How to Become a Data Scientist: The Full Scoop
In today’s scenario, where data is still sexy and data skills are still in high demand, the true role of a Data Scientist can be ambiguous and is often confused with that of a Data Analyst or Data Engineer. Those interested in a career in Data Science don’t fully comprehend what the role entails and are often confused as to what skills are needed to excel as a Data Scientist. They are also not sure if they have the intrinsic skills needed to make a career as a Data Scientist in the first place. This article aims to address these and many more questions related to a career in Data Science. Let’s get started!
A Data Scientist is…
To begin with let’s understand the term ‘Data Scientist’. If you do a search for the definition of Data Scientist you will find several interesting definitions, but by far the most honest one is this:
“A Data Scientist is someone who is better at statistics than any software engineer and better at software engineering than any statistician.”
If we broaden this definition we can say that a Data Scientist is someone who:
- knows and can apply statistics and mathematics to a set of data
- can test hypotheses with experiments they design
- has enough programming knowledge to apply to the sourcing, processing, and storing of their data
- can communicate their findings through data visualizations and stories
An Overview of the Industry -Today and Tomorrow
According to a report by International Data Corporation (IDC), the Big Data and Business Analytics market will grow to $203 billion by 2020. The banking industry is expected to be a big driver of this increase in spending, while IT and business services will lead most of the tech investing. Other industries like telecommunications, insurance, transportation, and utilities will also increase their own spending thus spurring growth.
IDC also estimates that the worldwide IOT market will grow to $1.7 trillion in 2020. Devices, connectivity, and IT services will likely make up two-thirds of the IoT market in 2020, with devices (modules/sensors) alone representing more than 30 percent of the total.
Coming to the supply-demand talent gap in the industry, IDC predicts a need for 181,000 people with deep analytical skills by 2018 in the US alone, and a requirement for five times that number of positions with data management and interpretation capabilities.
How Much Does a Data Scientist Get Paid?
Data Scientist is not only the sexiest job of the 21st century, but also a high paying one, both in India and worldwide. In fact, it is one of the top paying jobs out there right now!
A Data Scientist proficient in R can bag a job paying Rs. 10.40 LPA (lacs per annum) on an average, a pay of Rs 10.12 LPA for Python, and Rs. 9.54 LPA for SAS. The best pay is for someone who can work with all three tools, taking home a cool Rs. 12.91 LPA.
The pay is higher than average (compared to other domains) across all experience ranges for a data scientist, starting off at Rs 6.4 LPA and exceeding Rs. 30 LPA at the top end of the spectrum.

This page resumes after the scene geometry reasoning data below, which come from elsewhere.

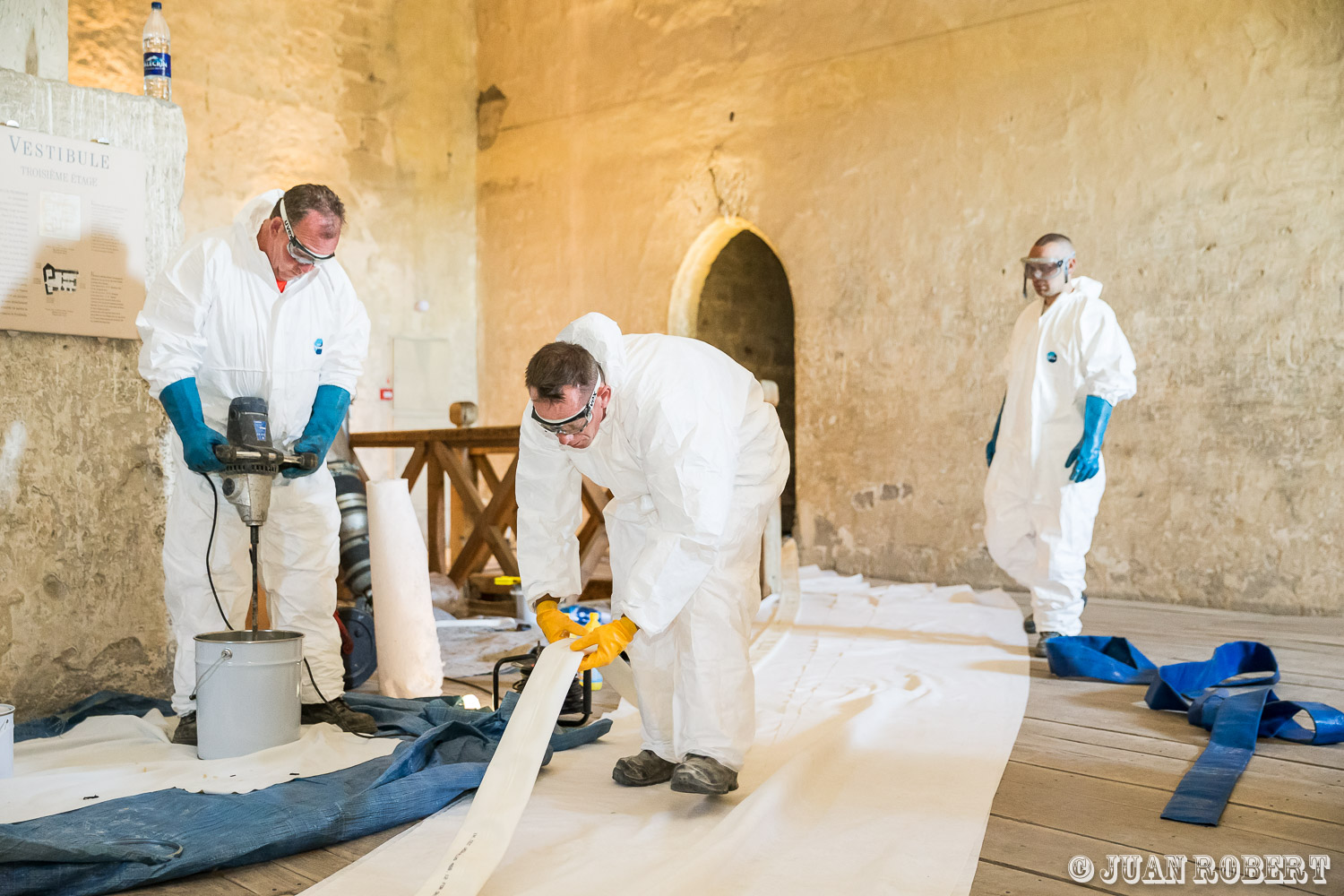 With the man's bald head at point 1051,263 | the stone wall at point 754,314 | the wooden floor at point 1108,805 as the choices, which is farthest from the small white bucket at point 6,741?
the stone wall at point 754,314

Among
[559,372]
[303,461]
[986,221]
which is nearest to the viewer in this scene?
[559,372]

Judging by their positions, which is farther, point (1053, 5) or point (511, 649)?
A: point (1053, 5)

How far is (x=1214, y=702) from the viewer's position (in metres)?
2.79

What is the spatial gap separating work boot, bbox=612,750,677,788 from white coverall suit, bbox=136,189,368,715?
1044mm

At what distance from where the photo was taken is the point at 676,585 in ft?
6.81

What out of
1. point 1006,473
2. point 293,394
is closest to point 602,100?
point 1006,473

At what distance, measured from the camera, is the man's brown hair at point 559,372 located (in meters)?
2.03

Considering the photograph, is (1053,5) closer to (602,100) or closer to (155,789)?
(602,100)

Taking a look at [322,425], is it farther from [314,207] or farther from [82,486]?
[82,486]

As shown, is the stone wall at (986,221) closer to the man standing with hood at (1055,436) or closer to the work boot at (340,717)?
the man standing with hood at (1055,436)

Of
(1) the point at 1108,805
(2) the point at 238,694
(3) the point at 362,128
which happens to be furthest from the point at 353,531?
(3) the point at 362,128

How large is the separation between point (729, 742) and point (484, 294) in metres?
6.89

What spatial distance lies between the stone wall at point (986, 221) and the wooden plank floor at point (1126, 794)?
1.71 m

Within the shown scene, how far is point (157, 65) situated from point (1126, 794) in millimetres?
3532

You can get more such exciting information about salaries and trends in the Analytics industry with the Analytics Industry Report 2017 – Salaries & Trends. Download now!
All in all some very encouraging news for data scientists!
Successful Data Scientists Have These Traits
Before we go on to discuss the technical and business skills one needs to develop as a Data Scientist, lets first look at some basic innate traits that majority of successful Data Scientists possess. If you are looking at a career in Data Science and find that you can say yes to many of the ones listed below, then you are good to go. If that’s not the case, don’t despair. You can still embark on the Data Science journey, but you will just have to put in that extra mile and commit to developing the skills you can:
- Do you have an inherent aptitude for numbers?
- Are you a curious, persistent person?
- Do you have a knack for problem-solving, a quick analytic mindset?
- Are you apt at the art of visual storytelling?
- Are you an effective communicator? Will you be able to communicate creatively and persuasively, the story the data tells?
- Are you business savvy? (i.e. good leader, great organizer, and amazing planner)?
- Are you a team player?
Basic Educational Background
Though a data scientist can technically come from any stream of education, there is a
clear preference for those with a degree in science, statistics, and mathematics. If you are looking at a long-lived career in technology, a bachelor’s degree in something computing related is worth it. There is a definite advantage for these graduates as a good part of Data Science is about numbers and programming skills, and a solid foundation in computer science, math, modelling, and statistics, will make the journey easier. However, let me also point out that there are many people from other varied disciplines who have gone on to become successful Data Scientists.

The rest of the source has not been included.